In this immersive universe, the viewer levitates upwards in a circular space where thousands of images scroll by interacting with each other. We recognize scenes from several films in addition to seeing a photo of Donald Trump opposed to that of Abraham Lincoln. Heaven’s Gate is intended as a kind of distorting mirror of American culture. The effect is stunning.
“I wanted it that way,” summarizes Marco Brambilla in a telephone interview from Paris.
We live in a world where imagery envelops us every day and floods us with information. I wanted us to be able to experience a kind of ascension in chaos. It is contradictory because it becomes more and more chaotic, even if one feels more and more awake.
Marco Brambilla
The videographer is currently working on the visual background of the opera The Magic Flute of Mozart who is going on a European tour. In 2020, he collaborated with Marina Abramovic on her opera The seven deaths of Maria Callas. His digital works have been exhibited all over the world for twenty years.
legendary movie
Heaven’s Gate refers to the film of the same name by Michael Cimino which caused the bankruptcy of the United Artists studio in 1980. Virtual reality thrives on Hollywood films and pop culture colliding.
“Pop culture has cannibalized everything, it is insatiable. This is what we see on the internet and social networks, as if people always want more photos and images. It’s almost infinite. The last stage of purgatory is called The apocalypse, a space where you can feel euphoria and disaster at the same time. »
From this creation emerge waves of satire and celebration of a seductive world, certainly, although deleterious. Marco Brambilla knows Hollywood well. He made two feature films there — Demolition Man and Excess Baggage — before devoting himself solely to video in 1999.

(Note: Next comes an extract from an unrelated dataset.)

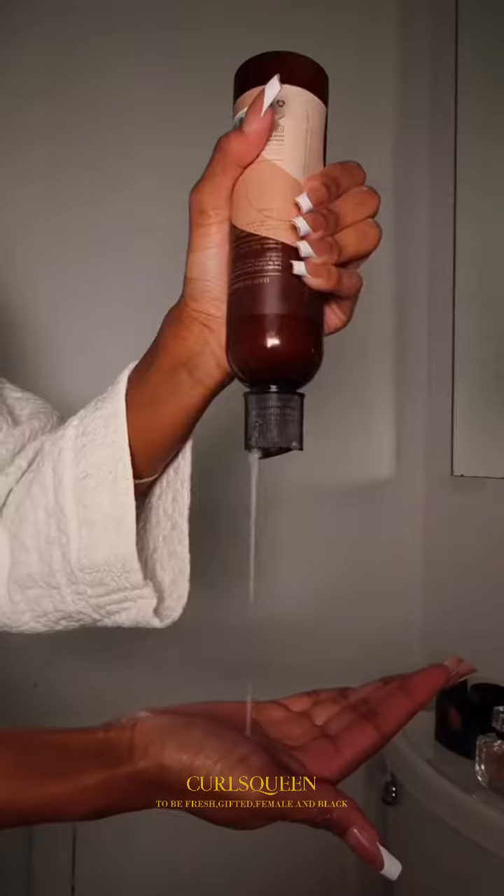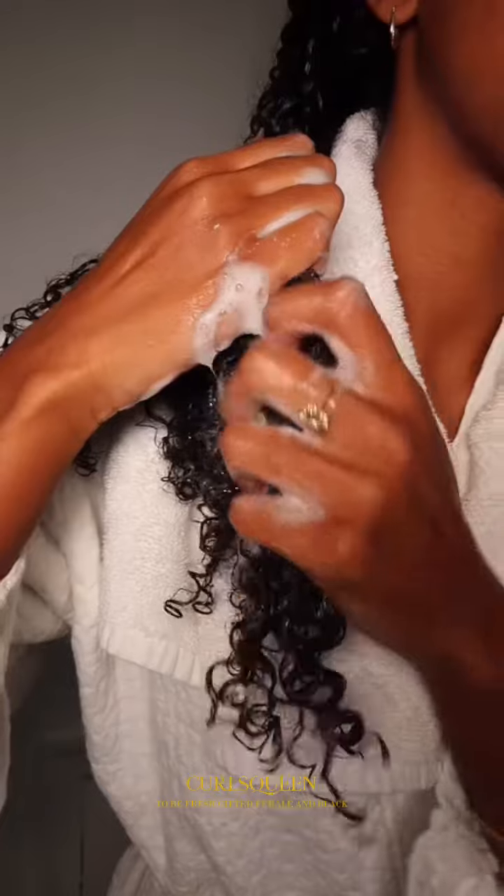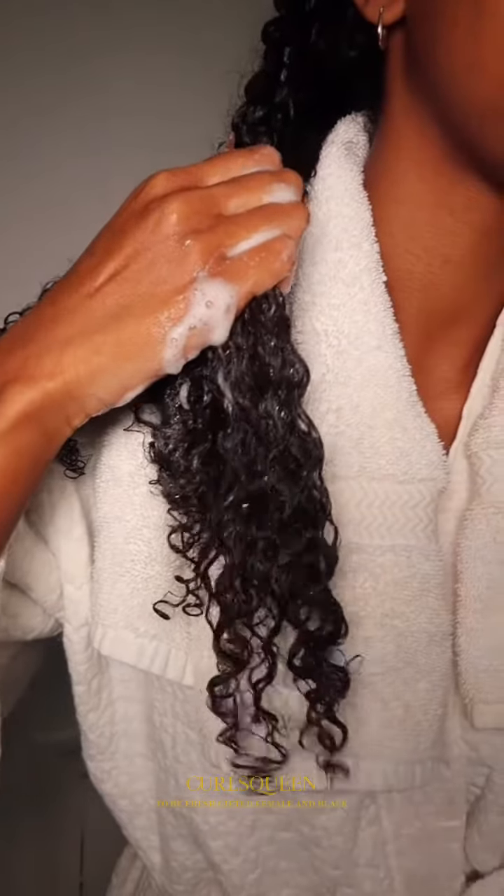Styling my clip-ins and my leave-out was pretty simple — I used three As I Am products. I went in with the classic leave-in conditioner and curling cream, then the rosemary styling mousse on top of everything. The whole rosemary line smells so good and everything is just so lightweight. Oh my gosh, look at this — the curls look so good!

“The images in today’s films are almost interchangeable with each other. There is a feeling of emptiness. It’s an ongoing spectacle with all these sequels and superhero movies. We evacuated the emotions to attack only the visceral”, he says.

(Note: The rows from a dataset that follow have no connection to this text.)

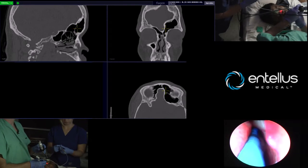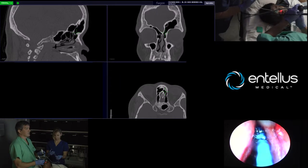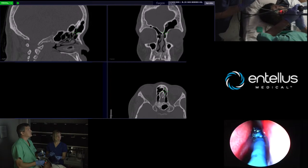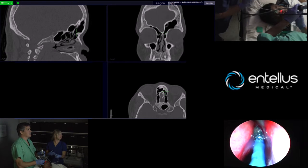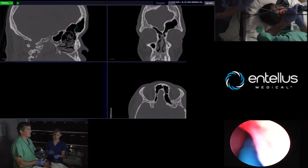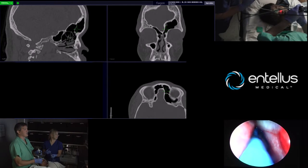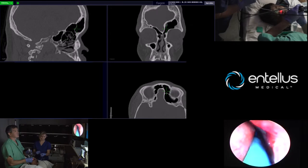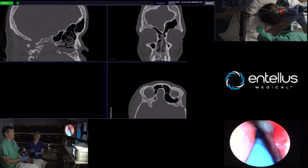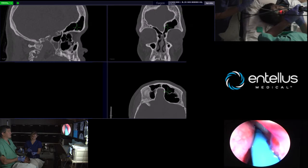I like to do a whole bunch of injections and just make sure I'm fully dilating the tract. Some competitors of Intelis have argued that you're really not dilating the frontal tract — I think you can clearly see that that's not the case. The device in my opinion is ideally suited for frontals, maxillaries, and sphenoids.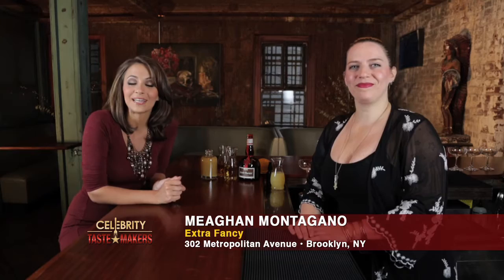I'm Kaitlin Monte, Beyond the Bar, with Megan Montagano from Extra Fancy in Williamsburg, Brooklyn. And she's going to shake us up something special, Megan.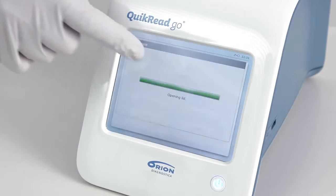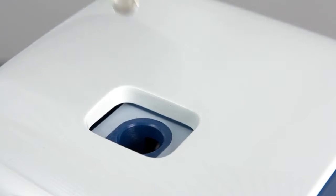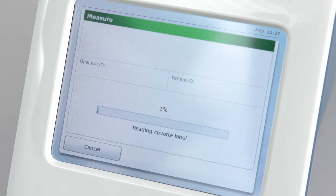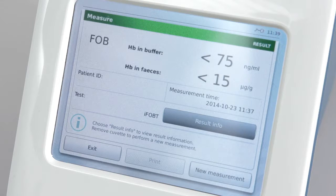Choose 'Measure' from the display of the QuikRead Go instrument and follow the instrument screen for instructions. When the instrument guides you, insert the cuvette into the measurement well. The instrument starts measuring the sample and you can follow from the screen how the measurement is proceeding. The test in use is also shown on the screen. When the measurement is completed, the result appears on the screen in the way you have chosen — qualitative or quantitative. The results are automatically stored in the instrument's memory.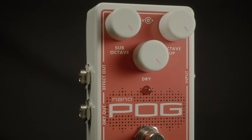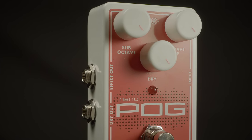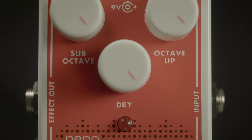This is the ElectroHarmonix Nano-Pog. It's a polyphonic octave generator. It gives you the ability to have an octave below your original signal, an octave above your original signal, and the ability to blend in your dry, unaffected signal.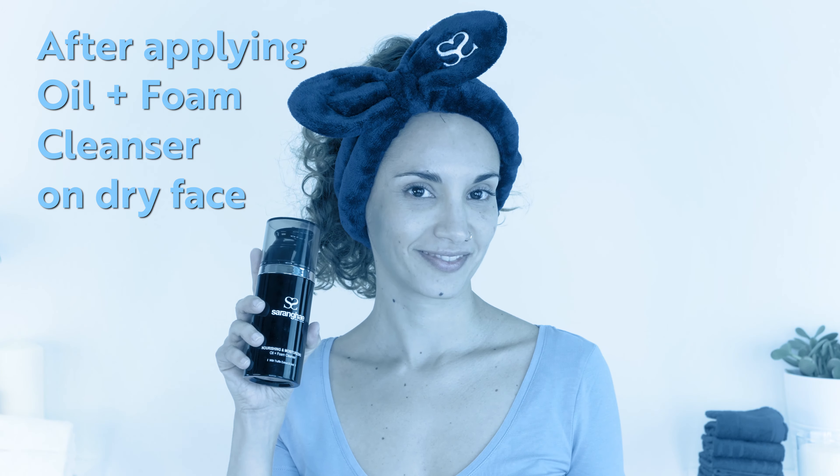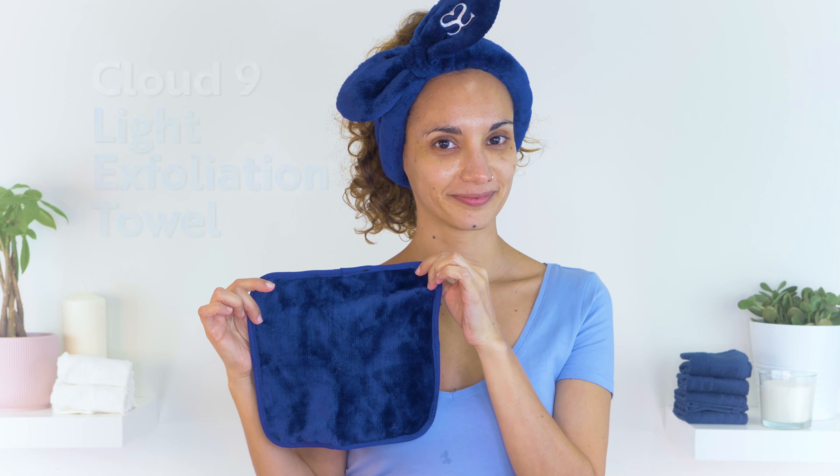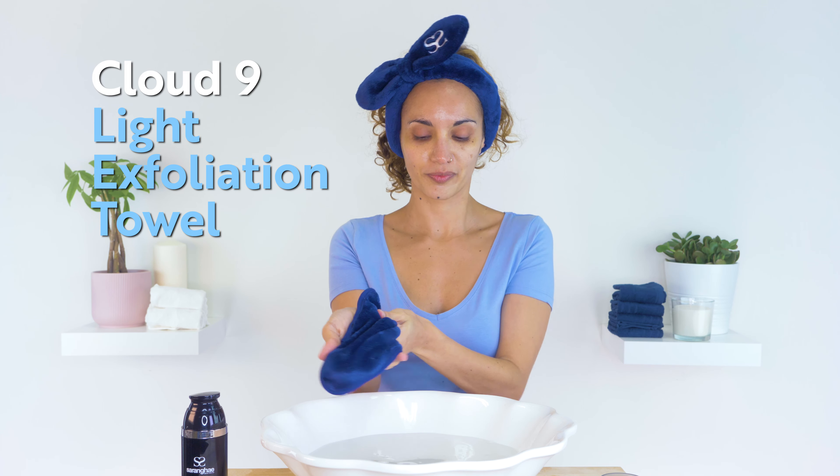After applying your oil and foam cleanser onto your dry face, take your Cloud9 towel and wet it with warm water and wring out any excess moisture.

I put together disparate imagery to create a sort of stream of consciousness. We have to ask ourselves whether the world is better off with this hyperconsumption of images that flood us.
Marco Brambilla
The public will benefit from watching and re-watching the virtual reality, lasting just over five minutes, which continues in another room with the projection of a video triptych allowing them to absorb all the subtleties of this work. of a rare pictorial density.
Horizons VR (Virtual Reality)
In an adjacent space, the PHI Center also presents four other virtual reality experiences carried out in 2021. They are arranged in as many rooms with breathtaking scenography.
Goliath: Playing With Reality is an edifying documentary that recounts the difficult life of a schizophrenic and his return to society after years in an institution. The immersive and interactive experience narrated by actress Tilda Swinton allows the viewer to go inside the man’s head and see him rehabilitate himself through online video games and meeting new friends just as gamers than him.
Reeducated, conversely, features the testimonies of three Uyghurs who suffered traumatic experiences together in a Chinese re-education camp. This very informative animated documentary describes the inhuman conditions of the re-educated, closer to life in prison than that of a resort. These men are still living with the consequences of their imprisonment, we see at the end.
Kusunda gives voice to a Nepalese shaman who has forgotten his indigenous mother tongue, Kusunda, which is unrelated to any other in the world. The old man relearns it little by little with the help of his granddaughter. This courageous young woman has chosen to dedicate her life to reviving this endangered language and culture.
Marco & Polo Go Round is the only work of fiction presented this year. This is the first virtual reality production from the Quebec house Item 7. This immersive animation takes place in the kitchen of a couple, with the voices of Emmanuel Schwartz and Léane Labrèche-Dor, whose world literally capsizes under our eyes. The images borrow a surreal and amusing style.
The Marco Brambilla and Horizons VR exhibitions are presented at the PHI Center until October 24, 2022.